Data extracted from a collection
####
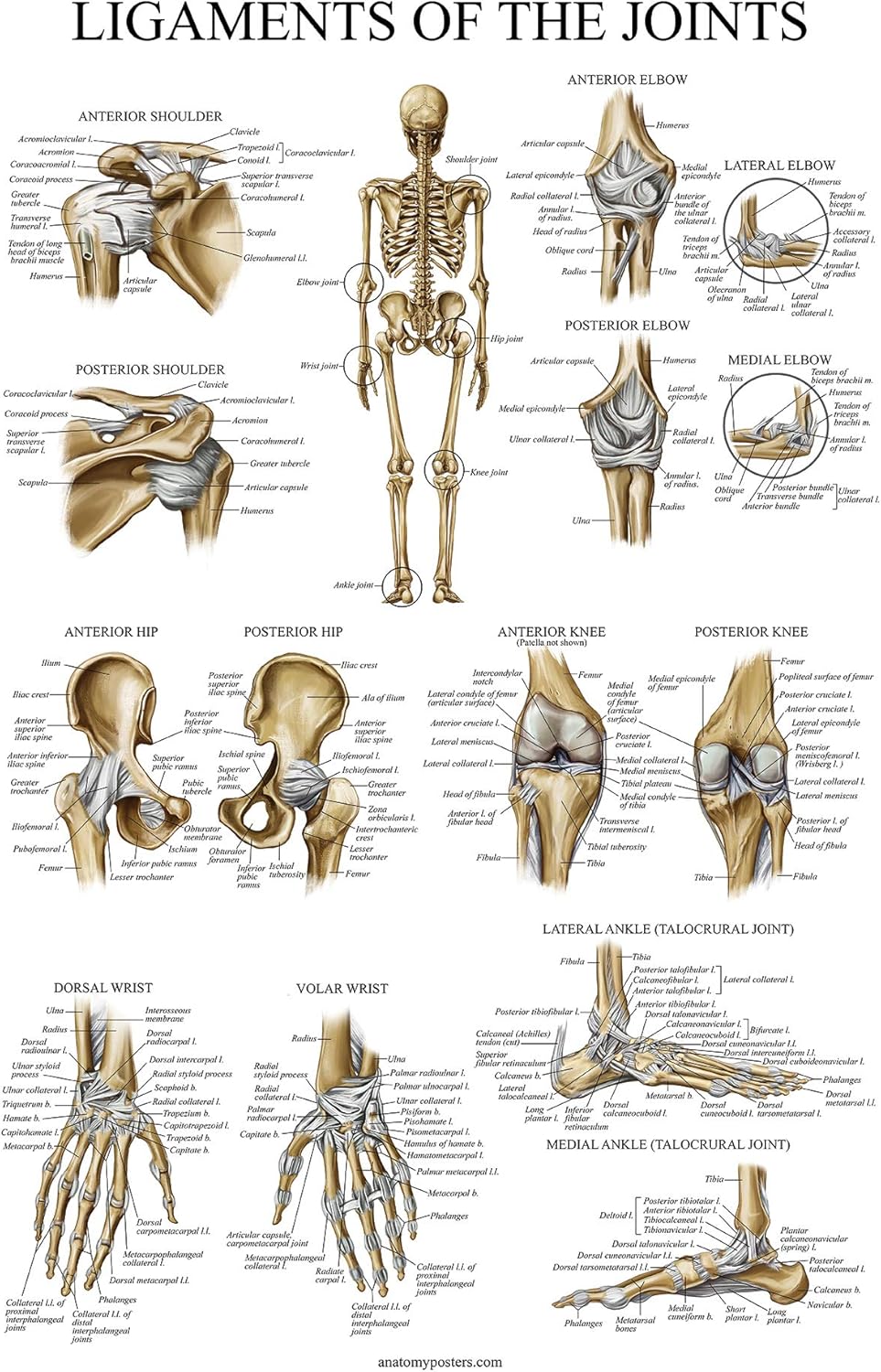 Palace Learning Póster anatómico de ligamentos de las articulaciones – Laminado – Tabla de anatomía del ligamento – 18 x 24 pulgadas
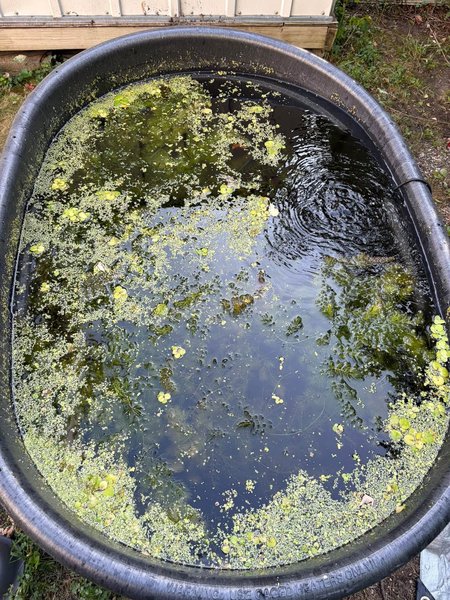 1 x Full Gallon Bag of HORN WORT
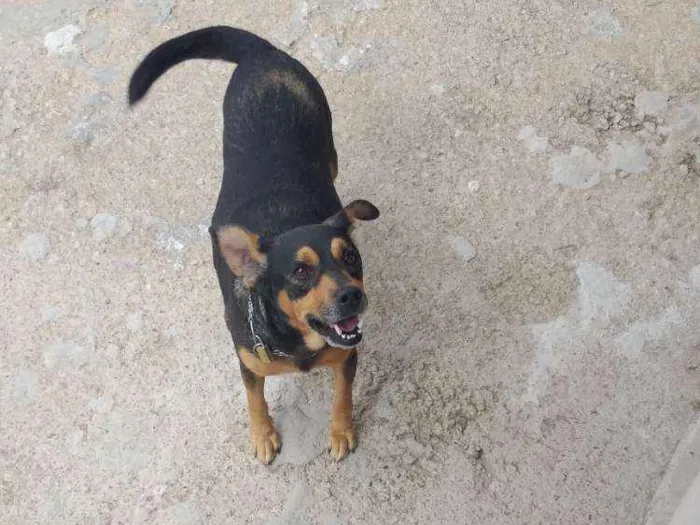 Cachorro ra a Vira-lata idade 6 ou mais anos nome Rex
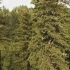 巨大的红杉能够活到2500多岁！长高的同时要面对诸多挑战！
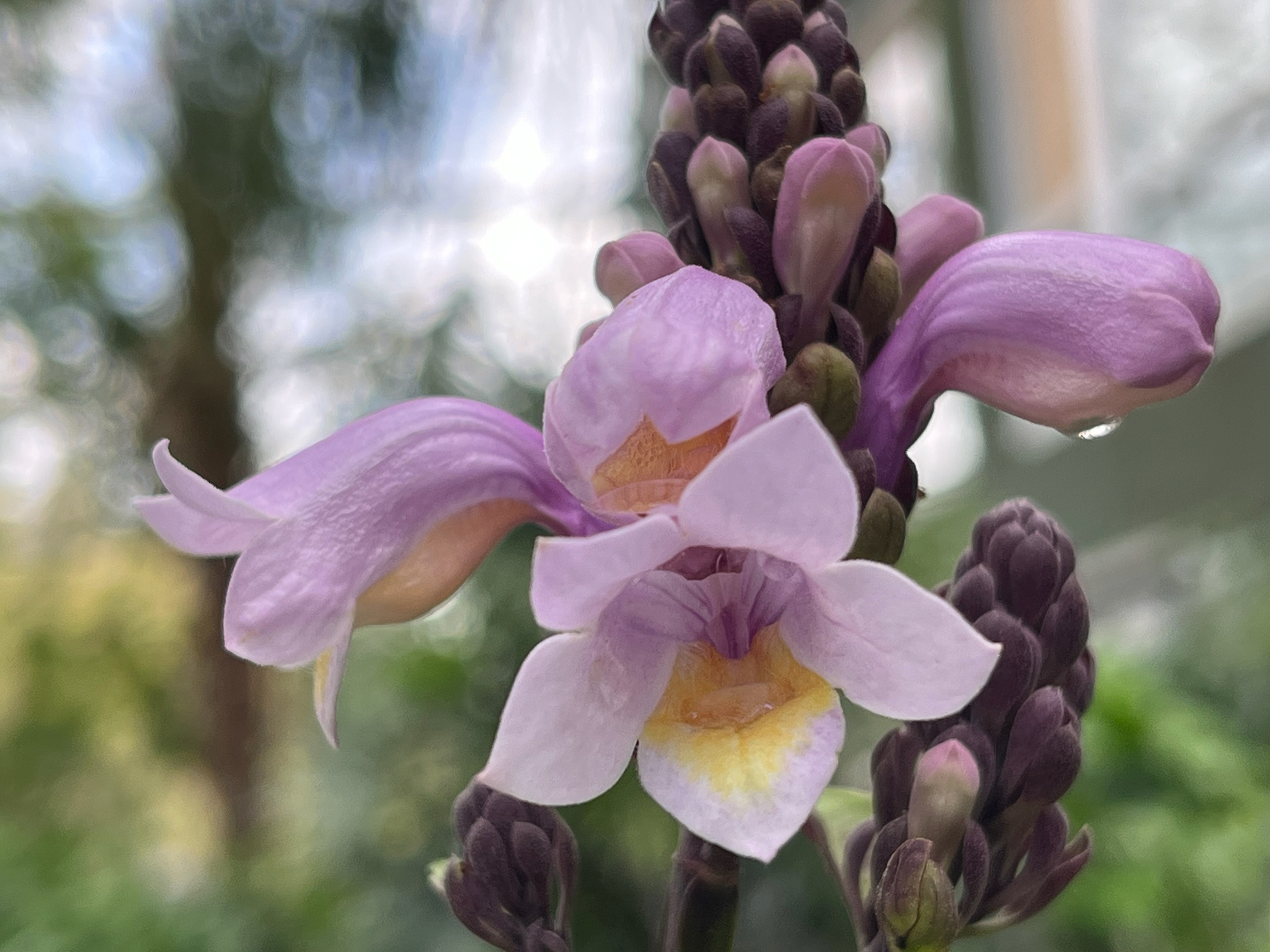 Spring 2023 in the Butterfly Rainforest – Exhibits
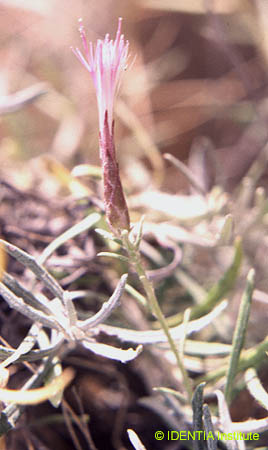 Staehelina dubia(2)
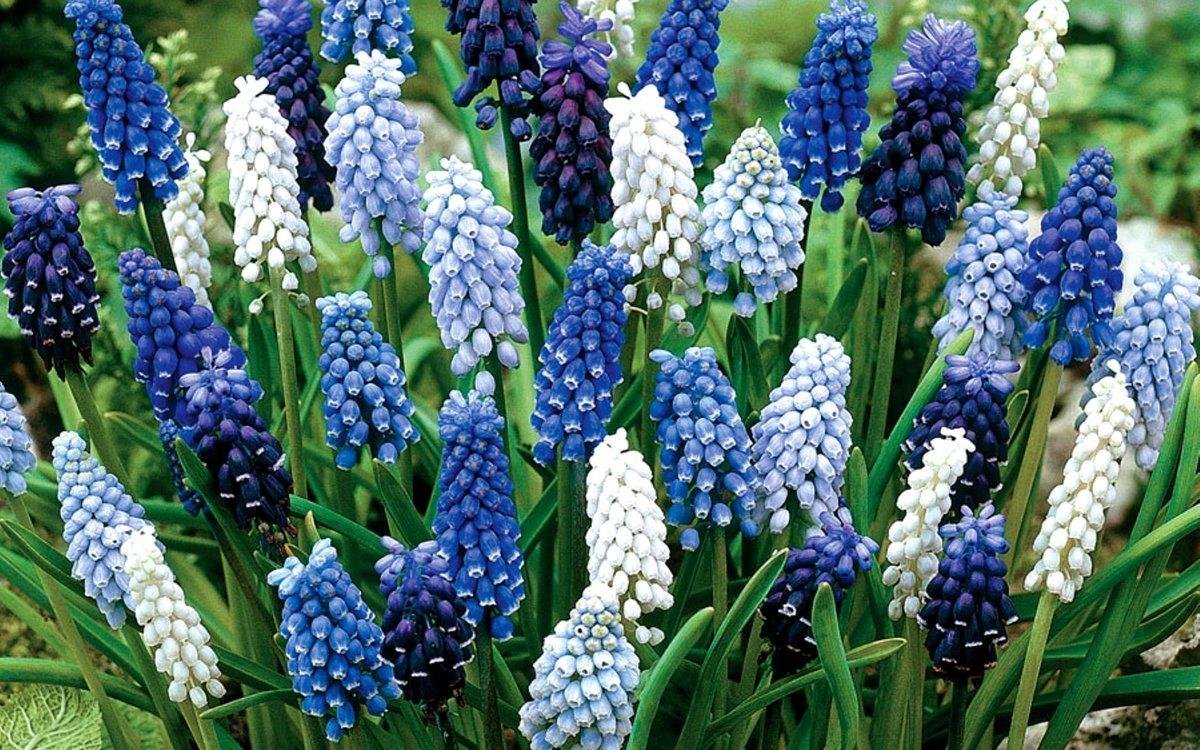 Мускари azureum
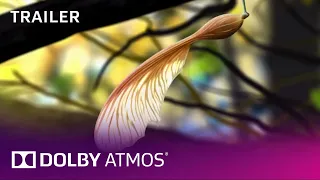Dolby Atmos   Leaf    Trailer   Dolby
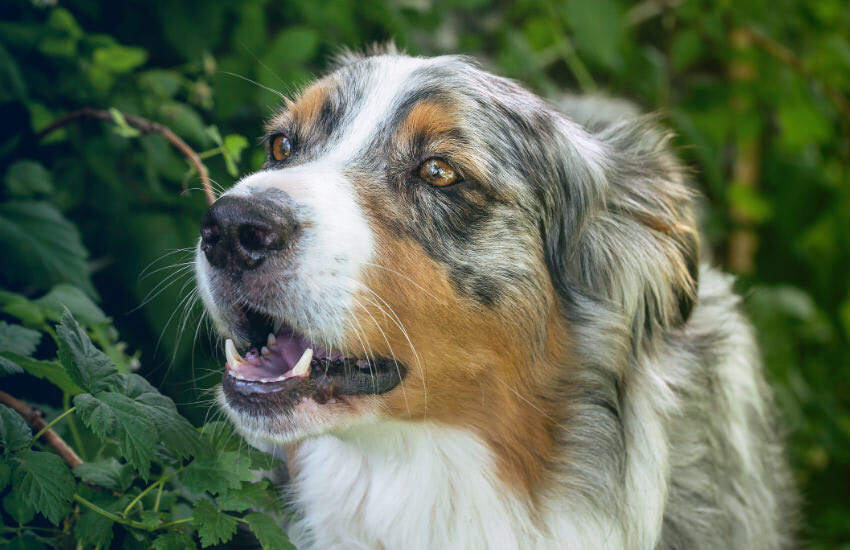 An Australian Shepherd Puppy With Its Mouth Open Is Standing In The Grass In Geelong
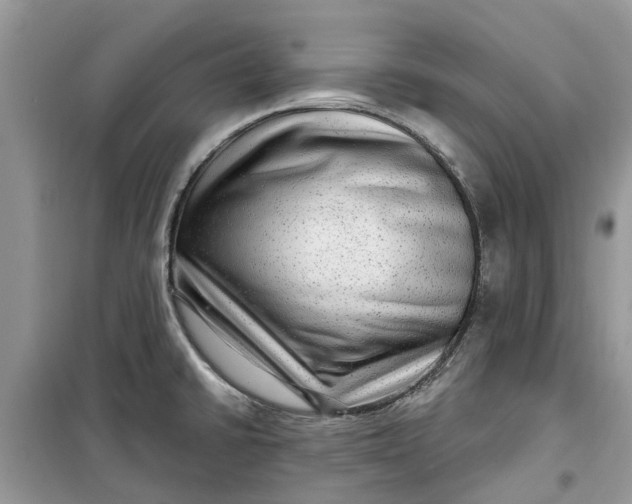 X0000099501430200805291118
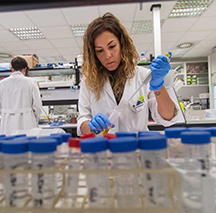 Degree in Pharmacy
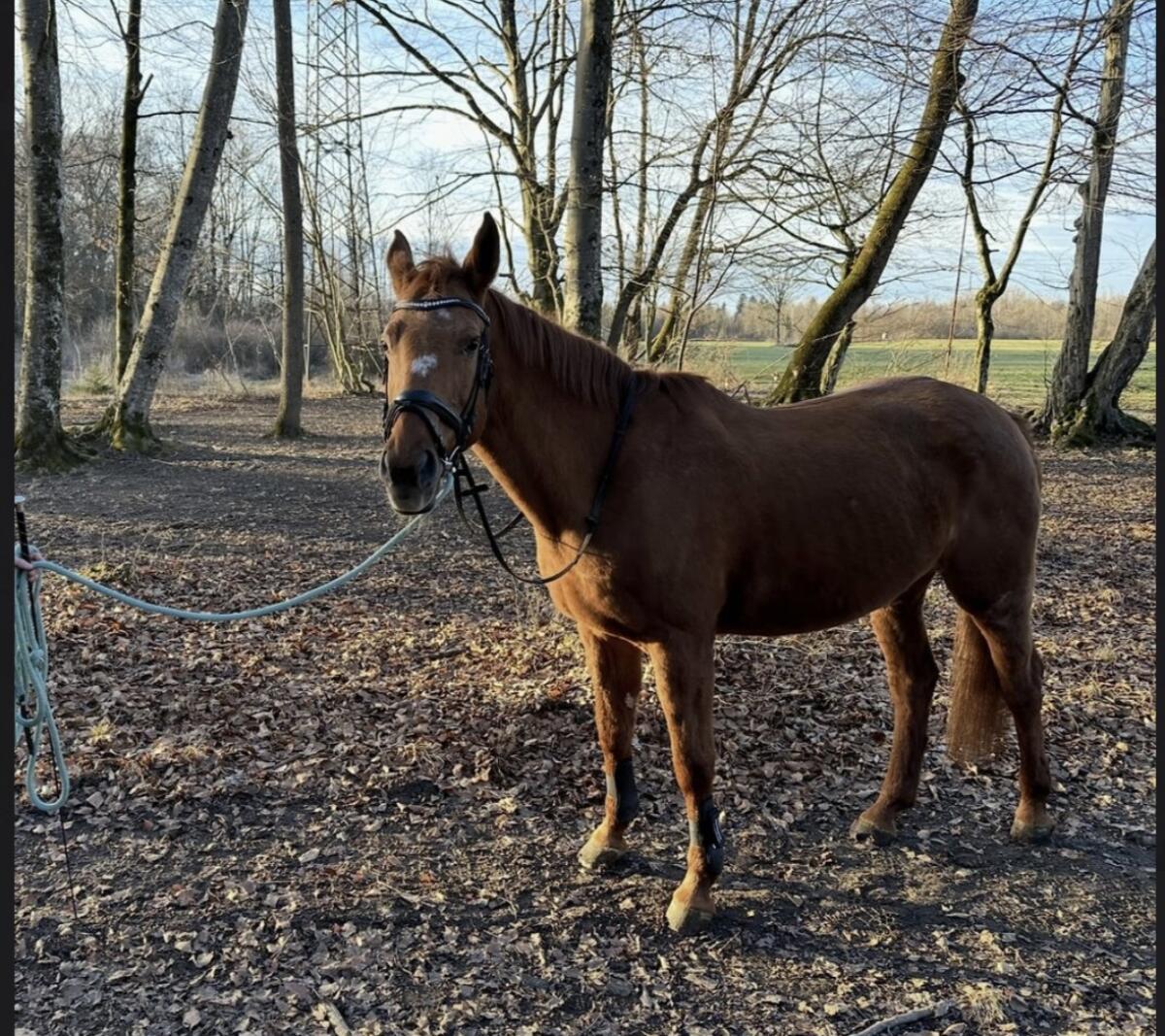 Braves Freizeitpferd zu verkaufen 2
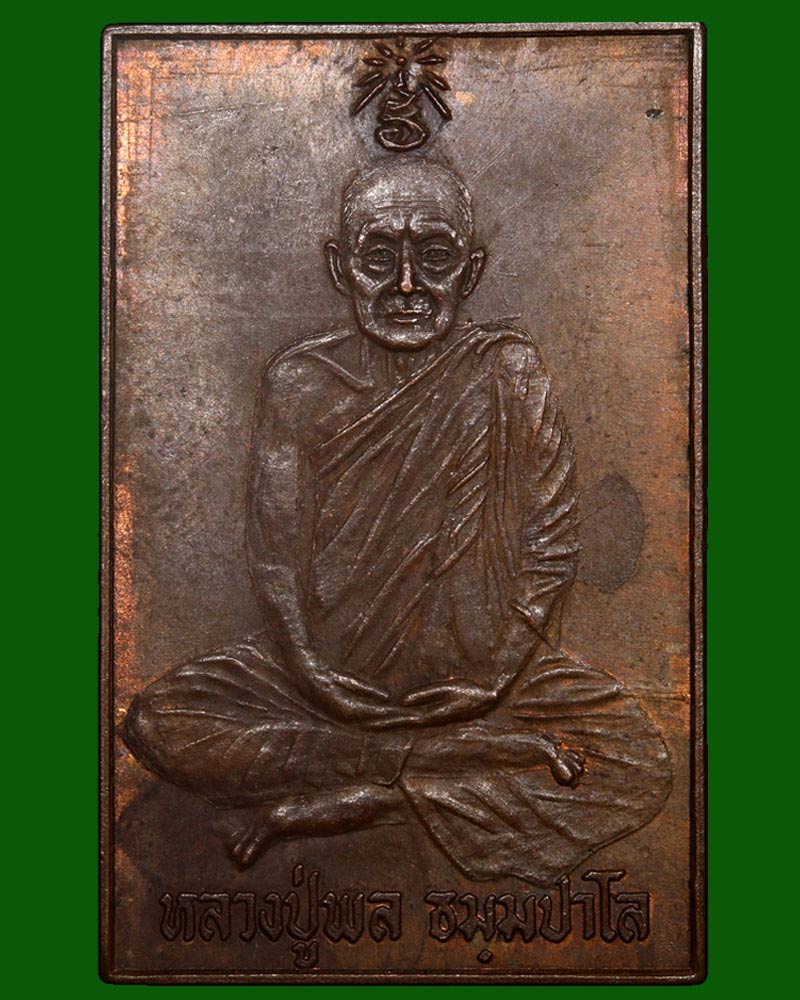 เหรียญ หลวงปู่พล วัดหนองคณฑี หลังพระนาคปรก - 2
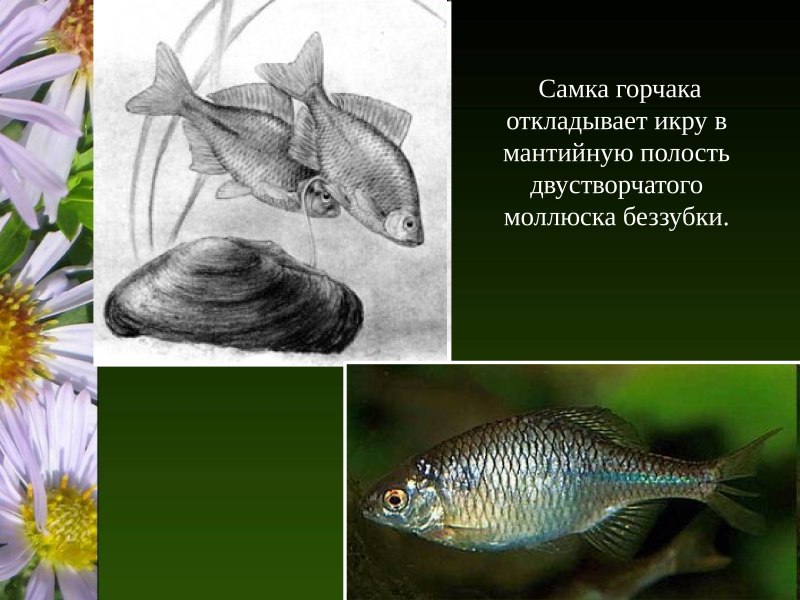 Рыба горчак квартиранство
####
Task to carry out
Give back exactly the lines from the top of the records to the line containing "An Australian Shepherd", both included, and no pictures.

Written reply
 Palace Learning Póster anatómico de ligamentos de las articulaciones – Laminado – Tabla de anatomía del ligamento – 18 x 24 pulgadas
 1 x Full Gallon Bag of HORN WORT
 Cachorro ra a Vira-lata idade 6 ou mais anos nome Rex
 巨大的红杉能够活到2500多岁！长高的同时要面对诸多挑战！
 Spring 2023 in the Butterfly Rainforest – Exhibits
 Staehelina dubia(2)
 Мускари azureum
Dolby Atmos   Leaf    Trailer   Dolby
 An Australian Shepherd Puppy With Its Mouth Open Is Standing In The Grass In Geelong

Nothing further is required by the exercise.